When it was signed, the CETA became Canada’s most significant FTA since the NAFTA. As its name indicates, it is a comprehensive FTA between Canada, the EU, and the 28 EU Member States. The agreement began to be provisionally applied between Canada and the EU on September 21, 2017, meaning that the majority of its provisions are now in force. The CETA’s provisions include, among other benefits:

  • the immediate elimination of most customs duties on EU and Canadian goods to which tariff rates previously applied;
  • guaranteed market access and non-discriminatory treatment for EU firms when they participate in public procurement opportunities at the federal, provincial/territorial, and municipal levels of government in Canada (for contracts above the applicable value thresholds), and equivalent rights for Canadian firms in the European Union;
  • enhanced intellectual property rights, including new protections for certain geographical indications identifying goods originating in specific regions (e.g., “Feta cheese” from Greece); and
  • liberalized rights of mobility and temporary stay for key business personnel and investors, independent professionals, and contractual service suppliers visiting Canada from the European Union and vice versa.

The levels of market access that CETA provides to EU companies, particularly with respect to preferential tariff treatment and sub-central public procurement, are much greater than the levels of access provided under NAFTA.

It is now essential that all EU companies doing or seeking to do business in Canada, and all Canadian companies doing or seeking to do business in the European Union, fully understand the opportunities and benefits that flow from the CETA.


The CPTPP, also sometimes referred to as the “TPP 11”, is a comprehensive FTA that has been concluded between 11 countries — Australia, Brunei, Canada, Chile, Japan, Malaysia, Mexico, New Zealand, Peru, Singapore and Vietnam — but is not yet in force.

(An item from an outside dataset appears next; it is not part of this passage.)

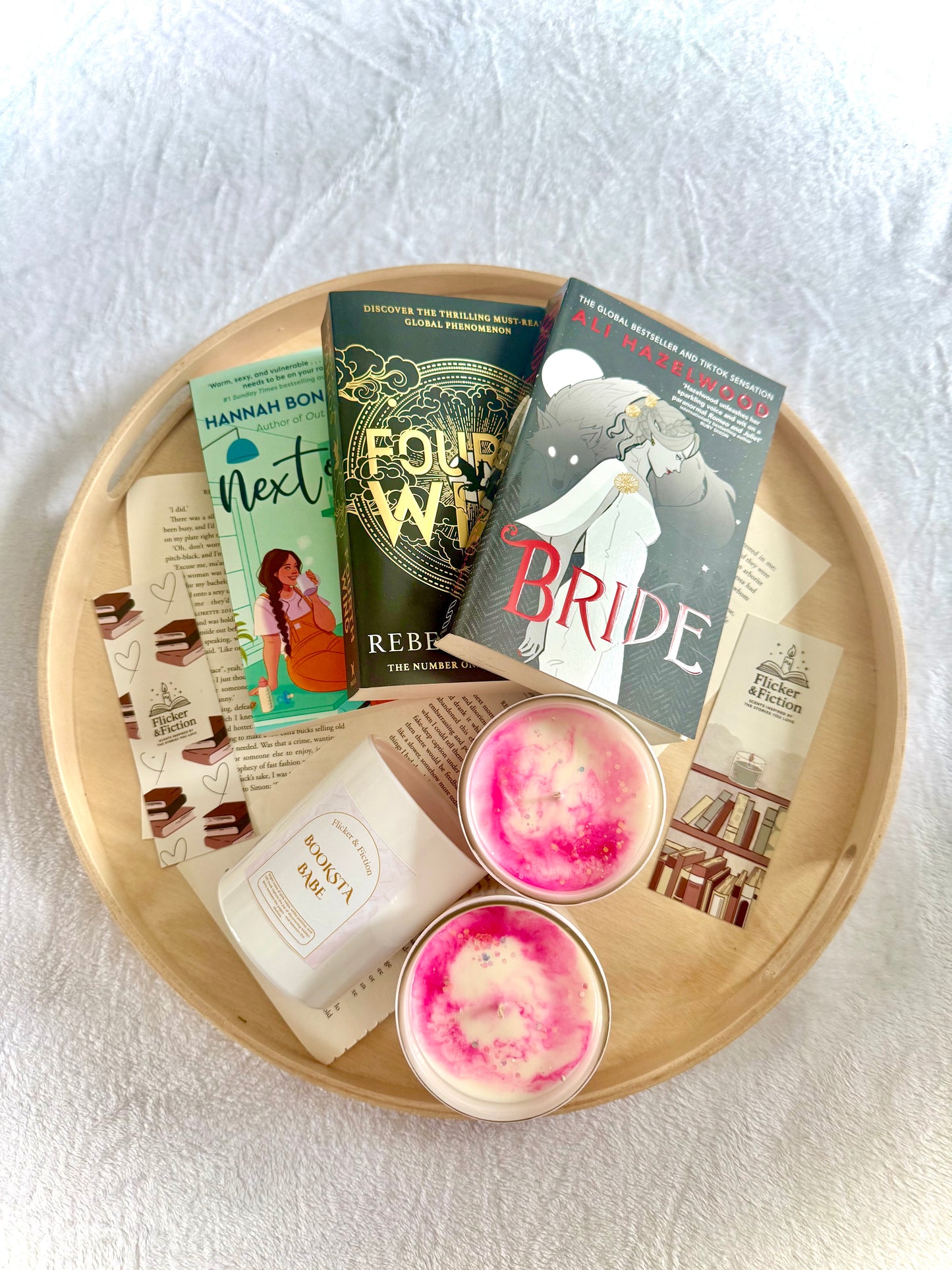 BookTok/Booksta/Book Babe Candle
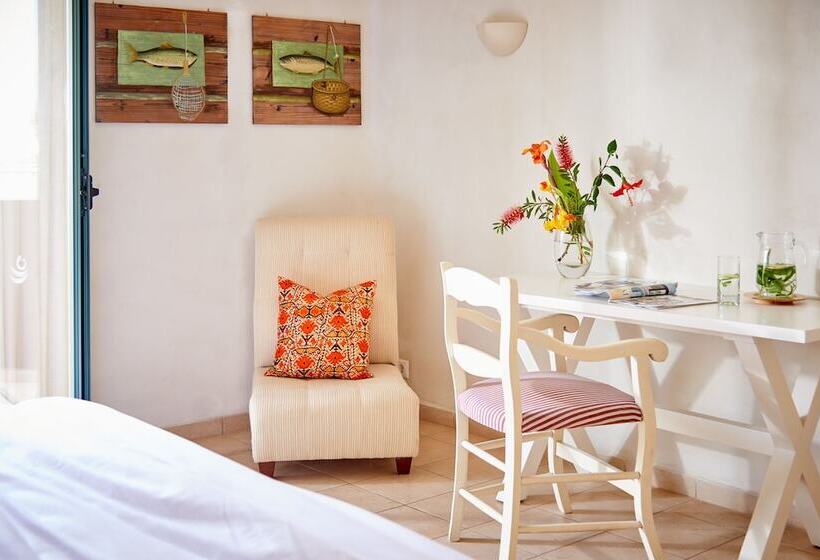ویلای 3 خوابه با استخر, Village Heights Resort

It will enter into force 60 days after the date on which at least six of the signatory countries have completed their domestic implementation procedures and ratified the agreement. To date, the CPTPP has been ratified by Japan, Mexico, and Singapore, and the Government of Canada is well on its way to joining them. The legislation to implement the provisions of the agreement into Canadian law, Bill C-79 (the CPTPP Implementation Act), was introduced in the House of Commons on June 14th, 2018 for passage through Parliament.

When the CPTPP enters into force, it will be the largest FTA in the world. For Canadian businesses, it will provide new and enhanced market access opportunities in the other CPTPP countries, including, most significantly, the Asia-Pacific markets.